--- START ---

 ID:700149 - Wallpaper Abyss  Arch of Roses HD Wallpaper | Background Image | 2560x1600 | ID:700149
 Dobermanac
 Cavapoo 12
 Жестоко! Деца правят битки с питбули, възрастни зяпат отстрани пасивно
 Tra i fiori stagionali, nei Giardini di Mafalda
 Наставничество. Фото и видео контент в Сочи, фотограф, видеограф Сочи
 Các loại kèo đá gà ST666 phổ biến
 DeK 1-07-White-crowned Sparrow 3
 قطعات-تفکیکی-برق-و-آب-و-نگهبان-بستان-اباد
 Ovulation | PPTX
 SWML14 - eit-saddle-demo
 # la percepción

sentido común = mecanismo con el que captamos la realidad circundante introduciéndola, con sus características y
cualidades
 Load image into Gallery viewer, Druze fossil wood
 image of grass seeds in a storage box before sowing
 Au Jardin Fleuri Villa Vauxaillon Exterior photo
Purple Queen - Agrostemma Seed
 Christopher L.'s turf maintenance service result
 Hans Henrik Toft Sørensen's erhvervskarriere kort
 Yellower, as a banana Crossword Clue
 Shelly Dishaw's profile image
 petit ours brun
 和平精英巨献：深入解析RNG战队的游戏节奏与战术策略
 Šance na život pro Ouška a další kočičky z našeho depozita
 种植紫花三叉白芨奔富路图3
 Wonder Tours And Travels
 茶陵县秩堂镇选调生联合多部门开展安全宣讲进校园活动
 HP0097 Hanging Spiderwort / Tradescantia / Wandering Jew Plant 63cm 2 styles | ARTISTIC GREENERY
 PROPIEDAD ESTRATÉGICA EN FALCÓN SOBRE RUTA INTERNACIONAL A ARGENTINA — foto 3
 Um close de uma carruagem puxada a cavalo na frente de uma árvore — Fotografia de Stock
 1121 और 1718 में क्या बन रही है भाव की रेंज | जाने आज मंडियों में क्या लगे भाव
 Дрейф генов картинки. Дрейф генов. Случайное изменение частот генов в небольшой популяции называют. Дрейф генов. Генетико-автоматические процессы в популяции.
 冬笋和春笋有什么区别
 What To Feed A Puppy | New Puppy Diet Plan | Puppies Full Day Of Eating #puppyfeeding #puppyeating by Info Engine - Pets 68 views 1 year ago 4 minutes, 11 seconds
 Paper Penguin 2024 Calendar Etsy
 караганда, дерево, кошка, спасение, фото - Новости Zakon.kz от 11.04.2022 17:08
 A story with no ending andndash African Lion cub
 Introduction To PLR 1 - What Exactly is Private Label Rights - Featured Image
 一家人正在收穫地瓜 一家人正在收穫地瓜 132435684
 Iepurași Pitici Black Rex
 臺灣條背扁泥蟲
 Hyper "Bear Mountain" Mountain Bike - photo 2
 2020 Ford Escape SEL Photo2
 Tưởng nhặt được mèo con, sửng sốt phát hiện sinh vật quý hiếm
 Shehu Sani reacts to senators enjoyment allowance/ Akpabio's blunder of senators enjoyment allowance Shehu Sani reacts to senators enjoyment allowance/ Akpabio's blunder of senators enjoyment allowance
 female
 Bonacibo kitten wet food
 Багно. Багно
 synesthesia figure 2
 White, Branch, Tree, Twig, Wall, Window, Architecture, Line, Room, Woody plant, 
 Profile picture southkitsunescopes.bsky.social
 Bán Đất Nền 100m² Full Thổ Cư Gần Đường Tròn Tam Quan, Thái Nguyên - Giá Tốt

--- END ---

- ASSIGNMENT
Copy out all of the listing, exactly as it reads.

- WRITTEN RESPONSE
 ID:700149 - Wallpaper Abyss  Arch of Roses HD Wallpaper | Background Image | 2560x1600 | ID:700149
 Dobermanac
 Cavapoo 12
 Жестоко! Деца правят битки с питбули, възрастни зяпат отстрани пасивно
 Tra i fiori stagionali, nei Giardini di Mafalda
 Наставничество. Фото и видео контент в Сочи, фотограф, видеограф Сочи
 Các loại kèo đá gà ST666 phổ biến
 DeK 1-07-White-crowned Sparrow 3
 قطعات-تفکیکی-برق-و-آب-و-نگهبان-بستان-اباد
 Ovulation | PPTX
 SWML14 - eit-saddle-demo
 # la percepción

sentido común = mecanismo con el que captamos la realidad circundante introduciéndola, con sus características y
cualidades
 Load image into Gallery viewer, Druze fossil wood
 image of grass seeds in a storage box before sowing
 Au Jardin Fleuri Villa Vauxaillon Exterior photo
Purple Queen - Agrostemma Seed
 Christopher L.'s turf maintenance service result
 Hans Henrik Toft Sørensen's erhvervskarriere kort
 Yellower, as a banana Crossword Clue
 Shelly Dishaw's profile image
 petit ours brun
 和平精英巨献：深入解析RNG战队的游戏节奏与战术策略
 Šance na život pro Ouška a další kočičky z našeho depozita
 种植紫花三叉白芨奔富路图3
 Wonder Tours And Travels
 茶陵县秩堂镇选调生联合多部门开展安全宣讲进校园活动
 HP0097 Hanging Spiderwort / Tradescantia / Wandering Jew Plant 63cm 2 styles | ARTISTIC GREENERY
 PROPIEDAD ESTRATÉGICA EN FALCÓN SOBRE RUTA INTERNACIONAL A ARGENTINA — foto 3
 Um close de uma carruagem puxada a cavalo na frente de uma árvore — Fotografia de Stock
 1121 और 1718 में क्या बन रही है भाव की रेंज | जाने आज मंडियों में क्या लगे भाव
 Дрейф генов картинки. Дрейф генов. Случайное изменение частот генов в небольшой популяции называют. Дрейф генов. Генетико-автоматические процессы в популяции.
 冬笋和春笋有什么区别
 What To Feed A Puppy | New Puppy Diet Plan | Puppies Full Day Of Eating #puppyfeeding #puppyeating by Info Engine - Pets 68 views 1 year ago 4 minutes, 11 seconds
 Paper Penguin 2024 Calendar Etsy
 караганда, дерево, кошка, спасение, фото - Новости Zakon.kz от 11.04.2022 17:08
 A story with no ending andndash African Lion cub
 Introduction To PLR 1 - What Exactly is Private Label Rights - Featured Image
 一家人正在收穫地瓜 一家人正在收穫地瓜 132435684
 Iepurași Pitici Black Rex
 臺灣條背扁泥蟲
 Hyper "Bear Mountain" Mountain Bike - photo 2
 2020 Ford Escape SEL Photo2
 Tưởng nhặt được mèo con, sửng sốt phát hiện sinh vật quý hiếm
 Shehu Sani reacts to senators enjoyment allowance/ Akpabio's blunder of senators enjoyment allowance Shehu Sani reacts to senators enjoyment allowance/ Akpabio's blunder of senators enjoyment allowance
 female
 Bonacibo kitten wet food
 Багно. Багно
 synesthesia figure 2
 White, Branch, Tree, Twig, Wall, Window, Architecture, Line, Room, Woody plant, 
 Profile picture southkitsunescopes.bsky.social
 Bán Đất Nền 100m² Full Thổ Cư Gần Đường Tròn Tam Quan, Thái Nguyên - Giá Tốt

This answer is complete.